In the meantime, to repress any grassroots mass action against racial profiling, President Barrack Obama (who claims the legacy of Martin L. King) holds a beer drinking session with Professor Henry L. Gates (who claims the legacy of the Black resistance tradition) and Cambridge Police Officer, James Crowley (who claims he is not a racist).  What can a compromised Black leadership and professional class do? Nothing—but watch the show! 

James Baldwin returned to the U.S. in 1952 to find “nearly everyone was gracelessly scurrying for shelter… [and] friends were throwing their friends to the wolves, and justifying their treachery by learned discourses (and tremendous tomes) on the treasury of the Comintern.” In those days, he writes, communists and evil were synonymous terms.  Experiencing the discourse of McCarthyism, however, taught Baldwin “something about the irresponsibility and cowardice of the liberal community” that he vowed never to forget. “Their performance,” he writes, which was more than “the combination of ignorance and arrogance with which this community has always protracted itself against the deepest implications of black suffering,” persuaded me that “brilliance without passion is nothing more than sterility.”  

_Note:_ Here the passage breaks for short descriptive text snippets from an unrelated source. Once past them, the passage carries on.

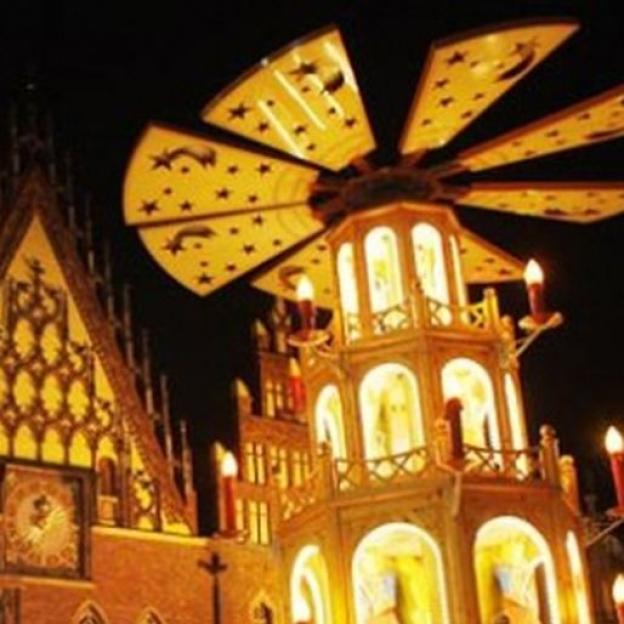 3-letni chłopiec z Korei Południowej zgubił się na wrocławskim Jarmarku Bożonarodzeniowym. Pomogli policjanci i turyści z Azji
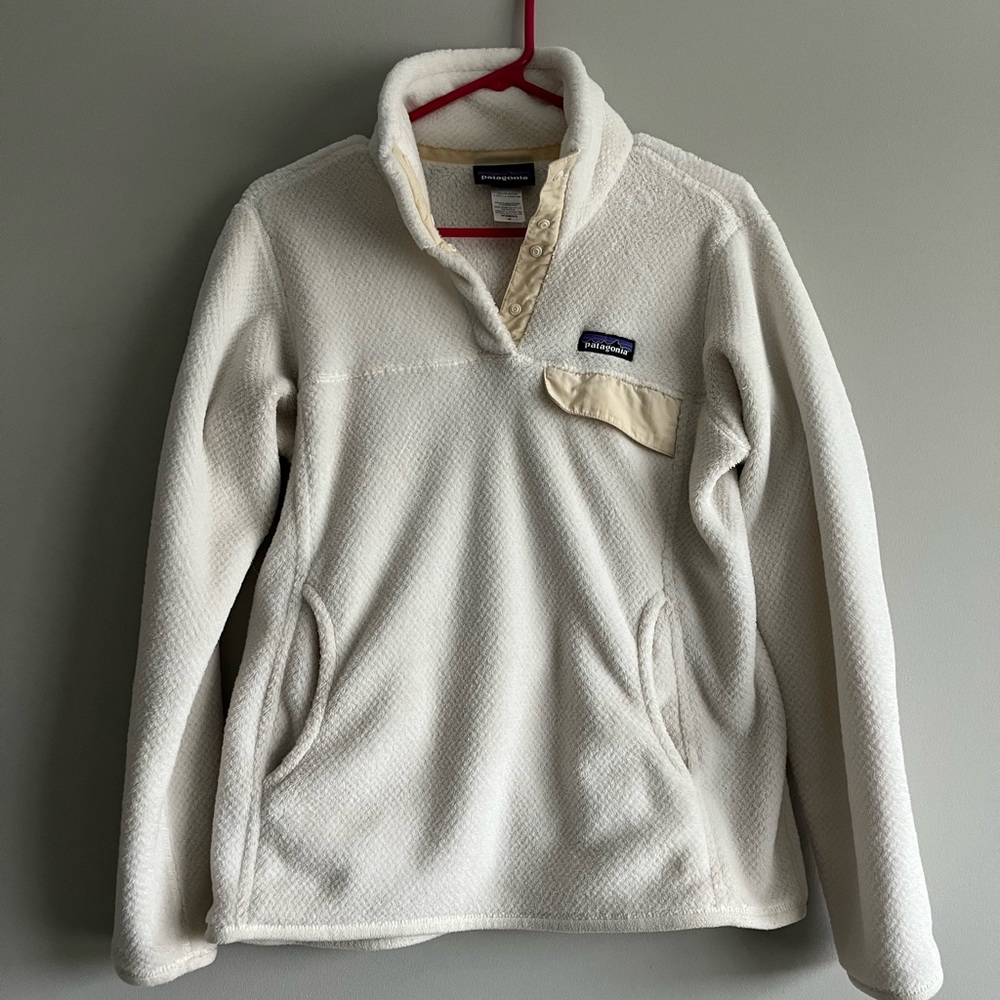 Patagonia Women’s Re-Tool Snap-T Fleece Pullover in Raw Linen - White X-Dye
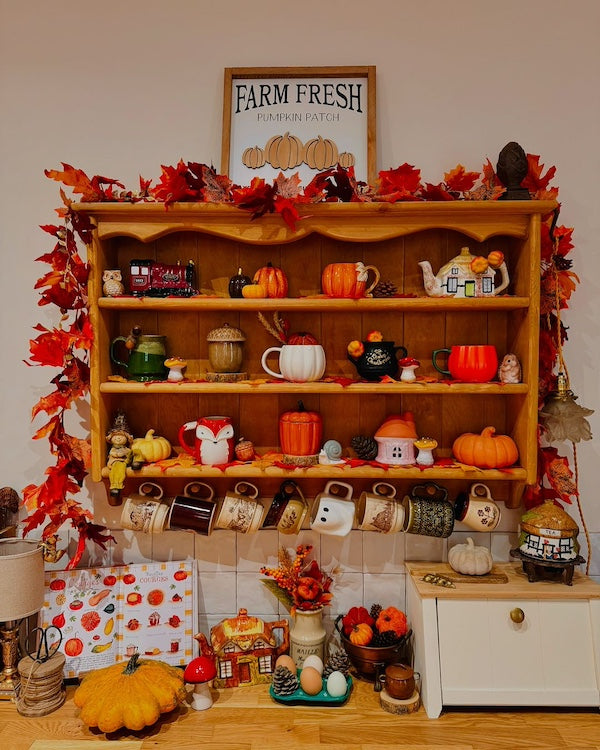 s106 Handcrafted Mug & Display Shelf – The Perfect Kitchen Accent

Baldwin was then 14 years old in 1952 when he observed the “performance” of white liberals. He was scurrying around white liberals, “delivering their packages and emptying [the] garbage.” A few years later, it is Baldwin, the Black novelist, who is surrounded by the white liberals. He is the center of attention, or so it seemed.

The white liberals, Baldwin states, were “proud that I had been able to crawl up to their level and been ‘accepted.’” He was an escapee from the urban cages (ghettos). He was unique, exceptional –an individual—far from the collective barbarians. He was now sitting at the table, “profoundly uncomfortable” as he apprehended he was “losing his bearings.” At the table, he writes, he “couldn’t hear anything that reflected anything which I knew or had endured, of life.” He continues, “my mother and my father, my brothers and my sisters were not present at the tables at which I sat down, and no one in the company had ever heard of them.” Baldwin could not fathom anything disturbing the sleep of those sitting at the table around him. He told himself that he would not adjust to life in New York.  He could not resign himself to being “anybody’s nigger again.”

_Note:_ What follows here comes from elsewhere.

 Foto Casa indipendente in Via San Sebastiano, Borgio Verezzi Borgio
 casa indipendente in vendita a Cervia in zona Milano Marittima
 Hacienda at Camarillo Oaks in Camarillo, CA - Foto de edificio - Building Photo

The white liberals, Baldwin came to understand, fathomed themselves intellectuals, engaged in intellectual activities.  But, in reality he writes, he discovers he is surrounded by “various immigrants, struggling to hold on to what they had acquired.” Intellectuals, they were not, Baldwin concluded. “Intellectual activity,” Baldwin writes, “is, and must be, disinterested—the truth is a two-edged sword—and if one is not willing to be pierced by that sword, even to the extreme of dying on it, then all of one’s intellectual activity is a masturbatory delusion and a wicked and dangerous fraud.”

Baldwin found himself, as he writes, running more away from America rather than to any particular European country.

I remember this particular date in October 1995.  On my way to the grocery store, I stopped at the apartment just below me and knocked at the door of an older couple.  It was usual for me to check and see if this couple needed something at the store.  The man had been an artist.  His easel and sheets of aging charcoal sketchings occupied a corner of the living room.  The husband, bed ridden for years, rarely left the apartment.  Nurses came on a regular basis to check on him. The woman, frail herself, was able to get around, but it was just the two of them.  If she left the apartment, her husband would be alone.

The woman with long flowing white hair always came to the door.  I was welcomed, on this day, as usual, to step into the living room.  Both had come to know a number of Black people when they were younger.  She told me what she wanted at the store and handed me the money. As I turned to leave, she asked if I had seen the television coverage of the Million Man March. Did I think a million Black men were at the march?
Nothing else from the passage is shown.